9. Oversee the preparation of and approve the Committee report required by the SEC to be included in the Company’s annual proxy statement.
10. Report the Committee’s recommendations or any action taken by unanimous consent to the Board after each Committee meeting. Maintain written minutes of Committee meetings, copies of which shall be provided to the Board.
11. Conduct and present to the Board an annual performance self-evaluation of the Committee.
12. Monitor developments in rules and regulations consistent with the purpose of the Committee and make appropriate and timely changes to the duties performed by the Committee.
13. At least annually, review this Charter and recommend any proposed changes to the Board for approval.
14. Perform other duties and responsibilities that are consistent with the purpose of the Committee and assigned to the Board under the provisions of any compensation or employee benefit plan, or that the Committee otherwise deems appropriate.
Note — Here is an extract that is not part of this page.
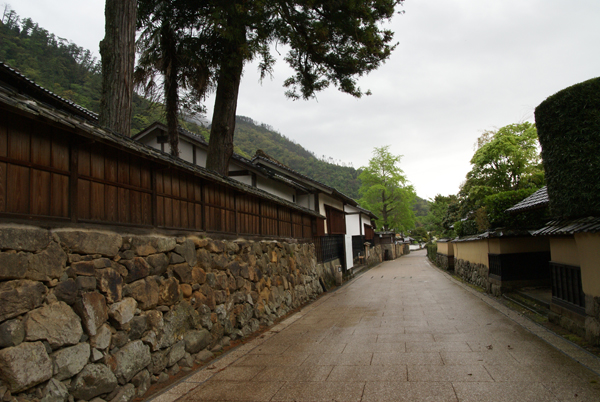 f0214649_6124665.jpg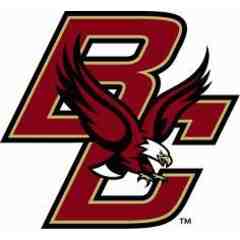 Boston College Athletics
15. Recommend to the Board a compensation program for non-employee directors, review such program at least annually and recommend changes as appropriate to the Board.
16. The Committee may, it its sole discretion, retain or obtain the advice of any compensation consultant, independent legal counsel or other advisor (collectively, any “Advisor”) to assist the Committee with fulfilling its functions and responsibilities. The Committee shall exercise the sole authority to appoint, compensate and oversee the work of an Advisor retained by the Committee.
17. To the extent required and in accordance with the rules of the stock exchange, the Committee shall consider factors relevant to the Advisor’s independence from management, including the factors set forth in the stock exchange listed company manual.
18. The Company shall provide for appropriate funding, as determined by the Compensation Committee, for payment of compensation to any such experts or counsel employed by the Compensation Committee.
19. Perform such other duties and responsibilities as may be assigned to the Compensation Committee by the Board of Directors and/or the Chairman of the Board or as designated in plan documents.
20. Make delegations of authority and responsibilities of the Compensation Committee as the Compensation Committee deems appropriate and periodically review such delegations.
21. In performing its responsibilities, the Compensation Committee shall consult with the Chief Executive Officer and the Chairman of the Board of Directors.
22. The Compensation Committee shall oversee the Company's compliance with the requirement under the New York Stock Exchange rules that, with limited exceptions, shareowners approve equity compensation plans and material amendments thereto, and shall have the authority to approve the inclusion in the Company's proxy statements of requests for shareowner approval of any such plans or amendments.
23. The Compensation Committee shall monitor the Company's compliance with the requirements under the Sarbanes-Oxley Act of 2002 relating to 401(k) plans and loans to directors and officers, and other legal requirements affecting its compensation and benefits programs, in consultation with the Audit Committee as appropriate.
24. The Committee shall receive periodic reports on the Company's compensation programs as they affect all employees.
The Compensation Committee shall produce and provide to the Board an annual performance evaluation of the Committee, which evaluation shall compare the performance of the Compensation Committee with the requirements of this Charter. The performance evaluation shall also recommend to the Board any improvements to the Compensation Committee's Charter deemed necessary or desirable by the Committee. The performance evaluation by the Committee shall be conducted in such manner as the Committee deems appropriate. The report to the Board may take the form of an oral report by the Chairperson of the Committee or any other member of the Committee designated by the Committee to make this report.